Restaurant review: When you step into Hawksmoor, you’re entering a world that could have existed a century or two ago. Modern fripperies are kept to a minimum – it’s all about a superior dining experience once limited to Manchester’s high society, now available to all.
The venue plays an important role in this. It’s a late Victorian courthouse revamped into an elegant dining destination featuring multiple side rooms, cubbyholes and mysterious doorways. It has all the old-world glamour of its Dickensian pomp, minus the creaking floorboards and chain-clanking ghosts.
And it’s not just about those dimly lit evening meals. Hawksmoor Manchester has a very appealing lunch menu that offers a hearty main dish, such as rump steak or charcoal chicken, alongside a salad (or beef-dripping chips if you’re feeling devil-may-care). All available for under £20, every day of the week bar Sundays.

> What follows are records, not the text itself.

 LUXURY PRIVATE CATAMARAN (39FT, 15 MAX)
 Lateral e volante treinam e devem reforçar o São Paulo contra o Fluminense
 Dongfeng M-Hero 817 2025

It’s not just the food, the staff are some of the best in the city. They’re easy to chat with and hugely knowledgeable, with a knack for pinpointing the exact dish you should try (let’s call it steak-dar).
If you’re heading over for an evening session, don’t dive into meat head first – pace yourself with the roasted scallops. Roasted in the shell with white port and garlic butter, they’re the very best execution of a time-honoured dish.

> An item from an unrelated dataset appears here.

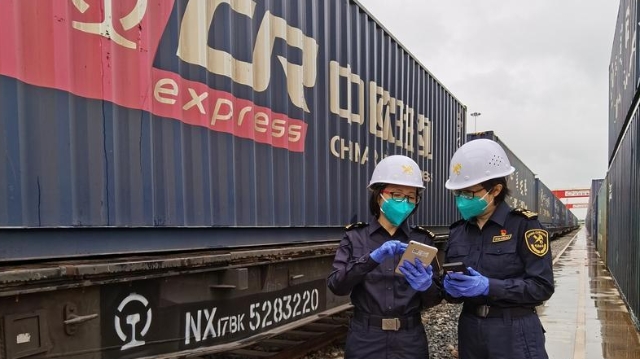 前11月广州海关监管进出口中欧班列超300列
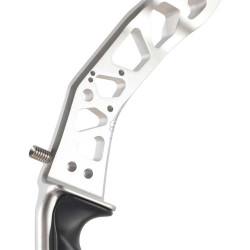 Poignée recurve Core Arios EXT 25 pouces : Élégance et fonctionnalité pour archers exigeants.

The bone marrow starter is a treat for heavy-duty carnivores. Large wedges of bone, split in half, are topped with a generous snarl of onions – soft and sticky where they mesh with the marrow, crispy and caramelized at the edges. It comes with two thick slices of Pollen-baked sourdough toast, perfect for spreading, or ripping and scooping.

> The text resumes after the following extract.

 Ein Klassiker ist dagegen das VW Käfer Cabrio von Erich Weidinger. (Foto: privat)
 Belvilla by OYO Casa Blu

Hawksmoor’s reputation rests on its steaks. The fillet steak, cooked rare, is as good as it’s possible to be. It comes charred and crunchy on the outside and vibrant fleshy purple inside, scattered with thick chunks of salt. Want a layer of fat with your beef? The equally high-quality sirloin has that all-important thick ridge of delicious salty goodness running alongside the meat. It’s heaven in a skillet.
The sides and sauces are unmatched anywhere else in the city. The garlic mushrooms are big and bouncy, the beef-dripping fries never lose their crunch, and the mash is 50% butter, by my reckoning. This is a good thing. Make sure you get a pot of the bone marrow gravy – it almost always comes back to the meat.
But not always. The hake dish is an inspired creation – topped with chilli, garlic and rosemary and roasted in parchment paper. The white fish is buttery soft and impossibly fresh, while that sit-up-and-take-notice seasoning manages to feel classic and innovative all at once.
Even the desserts have that timeless feel. The pineapple upside-down financier (so-called because it resembles a bar of gold) is a masterpiece of taste and texture, taking in hot fruit, freezing coconut ice cream, sticky caramel and crunchy biscuit crumb.
The peach melba pavlova has a sharper, tarter feel, with tangy reduced fruit compote draped over a smooth mound of sorbet. Both are a great, bright summery end to a meal at one of Manchester’s most revered restaurants.
Ask for the best steak in Manchester, and the name Hawksmoor will come up umpteen times, and rightly so. But it’s about more than just excellent cuts of beef – the whole Hawksmoor experience is a template for sophisticated dining in a modern city.